Gerhard Anton von Halem (2 March 1752 – 4 January 1819) was a German writer, jurist and civil servant.

Biography

Early life and education

Gerhard Anton von Halem was born in Oldenburg — which at that time belonged to Denmark —, the son of Anton Wilhelm von Halem (1711–1771), a city syndic and judicial councilor, and his wife Magdalena Sophia Wardenburg (1733–1809). After the early death of his first son, his father attached importance to a good education of his remaining son, also in order to bring him as quickly as possible into an income-securing, but also prestigious professional position. Halem thus had early access to his father's library. He was initially taught by tutors and attended the Latin school in Oldenburg from 1761. Here he received his first literary impressions through his teacher Johann Michael Herbart, with whom he remained friends throughout his life. At the age of 16, he already attended the Brandenburg University in Frankfurt an der Oder and later the University of Strasbourg.

His life, however, was not only determined by his education for the legal profession, but at the same time he was to develop civic virtues in order to achieve social and societal standing as an academically educated achiever in addition to professional advancement. Thus he undertook trips to Bremen, Hamburg and Holland with his father, eagerly attended theaters and concerts, traveled to Berlin during his studies and learned the Italian language. After an internship at the Reichskammergericht in Wetzlar, he earned a doctorate in law in Copenhagen at the age of 18.

After returning to Oldenburg, he initially assisted his father in his law firm and, after his death in 1771, took over the business and the feeding of the surviving family.

Entry into the Oldenburg civil service and nobilization

As early as 1775, the Enlightenment philosopher entered the civil service of Oldenburg, which had become independent again after the Treaty of Tsarskoye Selo in 1773 and was elevated to a duchy. With the creation of the independent duchy after a long Danish administration and the establishment of the residence and administrative center in the city of Oldenburg, Halem had the opportunity to participate in the formation of a moderately reform-oriented state administration in the sense of the Enlightenment from a group of academically educated, efficient and loyal civil servants.

Initially, he worked as an assistant to Georg Christian Oeder, the bailiff exiled from Denmark after the Struensee affair, and then took over the position of the late Helfrich Peter Sturz as a judicial councilor in the Oldenburg government chancellery.

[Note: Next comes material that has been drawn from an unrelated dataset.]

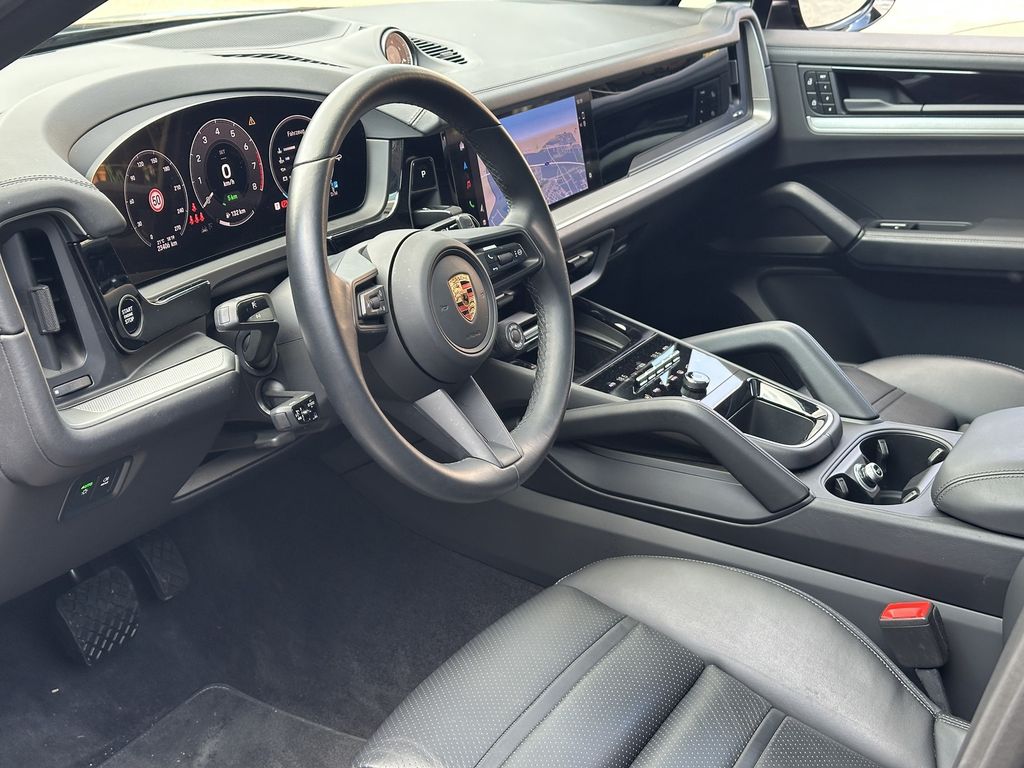 Porsche Cayenne 2023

During this time, Halem was instrumental in the reforms of the Oldenburg social and judicial system as well as the infrastructure and land law.

Halem had belonged to the Oldenburg Masonic Lodge Zum goldenen Hirsch since 1776 and served as its Master of the Chair from 1785 to 1790. He followed the reform efforts of Freemasonry in a time of continuing crises with interest and sympathy. He was at least close to the Illuminati Order, and was acquainted with the two leading representatives of the order in northern Germany, Adolph Freiherr Knigge, Johann Joachim Christoph Bode and Christoph Friedrich Nicolai, for whom he also reviewed the latter's General German Library.

In 1792 he received the imperial nobility and the improvement of his coat of arms in Munich.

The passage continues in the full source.